Dyeing with Ancient Shell Purple Dye
Date: 19 April 2023
Location: Aalto University, School of Arts, Design and Architecture, ERC-Refashioning in collaboration with Fashion History Lab
Organised by: Kirsi Mantua-Kommonen and Paula Hohti
Text: Paula Hohti and Kirsi Mantua-Kommonen
Tyrian purple, also known as “royal” or “imperial” purple, is the most expensive and precious dye that has ever existed. It was used by members of the royal family and court in classical Rome and in the Byzantine. This workshop, organised at Aalto University, was organised to explore the nature of the dye and the complicated dye method associated with dying Tyrian purple.
Tyrian purple can be prepared from several types of murex molluscs in the Mediterranean area. This rare and peculiar colouring matter is produced in the hypobranchial gland of these shellfish. The spiny dye-murex can be easily recognised by its grooves and spines on the outside of the shell.
Tyrian purple has not been in use on an industrial scale for a long time. Although it was still produced in the imperial workshop in the medieval period, Europeans lost access to the dyestuff completely following the fall of Constantinople in 1453. After this, expensive purples were from expensive crimson dyes and cheaper purples from lichen dyes, such as orchill.
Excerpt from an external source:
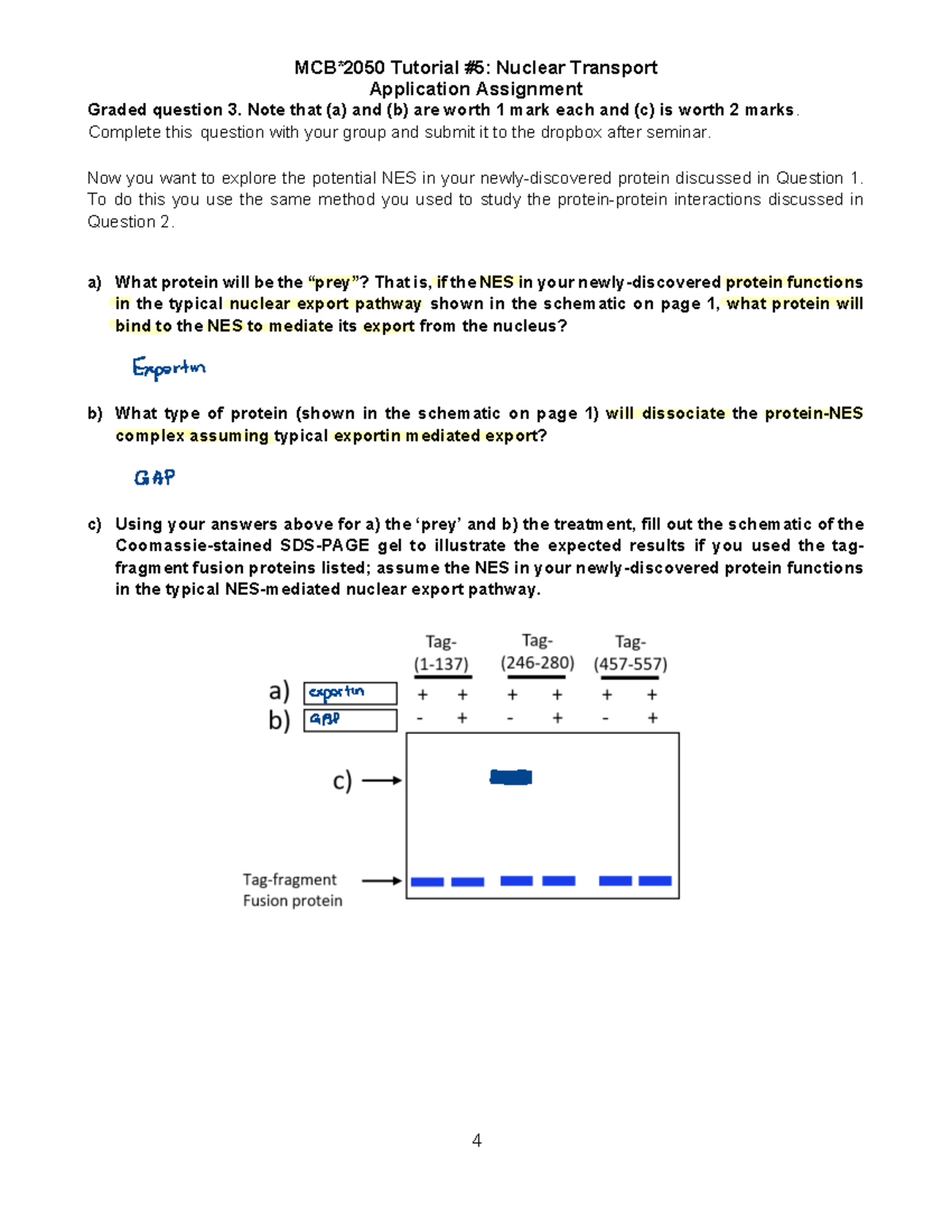 Nuclear Transport Application Assignment (Tutorial) - Graded Q3 - Studocu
A decree in 1464 by Pope Paul II marked a final end to itse use. He proclaimated that in future cardinal’s robes had to be dyed red with kermes.
In this workshop, we wanted to revive the famous purple colour and explore the nature of the dye and how it was achieved.
For the Tyrian purple dyestuff, we relied on the small-scale home production of a Tunisian history enthusiast Mouhamad Ghassen Nouira, who Kirsi knew of through her research. Ghassen makes the dye from sea snail shells in a hut in his garden and processes Murex snails using techniques first developed by the Phoenicians. Since the cost is still enormous -his Tyrian Purple sells online for about $2,500 a gram- we were able to buy only a small test kit for the day’s workshop.
The workshop began with two lectures by the historian and archaelogist Berit Hildebrandt and Ghassen Nouira, who spoke to us on the historical meaning and current uses of this colour of high importance.These were then discussed with our invited guests, Kirsi Niinimäki, Pirjo Kääriäinen, Paavo Hohti, and Dustin Neighbours.
After the lectures, we tested the dying process. The process of dying purple from sea shells is complicated. The dye itself is produced in the gland of these shellfish. At first, it is colourless to the human eye, and only turns purple upon oxidation as it bleeds out from the gland. The dye can be applied either fresh, when it performs as a direct (substantive) dye without a need for a mordant or vatting; or it can be achieved utilising dried glands or purified extract, when the vat dye process is necessary. Vatting gives a more permanent result even for the fresh dye, so direct dyeing is not recommended.
In our experiment, we used dried glands, which are more convenient to transport and store than the fresh ones (just think about the smell of the strongest mussel soup you ever had with more than a whiff of decay, and the consequent look on the face of the officer at customs, and you will figure out why). For dyeing, using dried glands is also much more economical than the purified, powdered extract, which you would require for recreating an historical purple paint, for example.
For a full description of the dye process, see Purple from shellfish recipes and methods by Kirsi Mantua-Kommonen.
Dried glands in a glass jar. Photo © Kirsi Mantua-Kommonen
The glands crushed in a mortar. Photo © ERC-Refashioning/Fashion History Lab
The colour changes in contact with oxygen and light. Photo © ERC-Refashioning/Fashion History Lab
Variations of blues and purples. Photo © ERC-Refashioning/Fashion History Lab
A strip of purple dyed with murex shells. Photo © Kirsi Mantua-Kommonen.
Considering that the hugely expensive dye was praised and admired for its brilliance and beauty, the resulting purple colour in our experiment was surprisingly bleak. Perhaps we need to keep researching, adjust our recipe and save money to obtain larger quantities of the dye in order to get the rich and deep purple that the Tyrian purple was known for among the rulers of the antiquity and the Byzantine.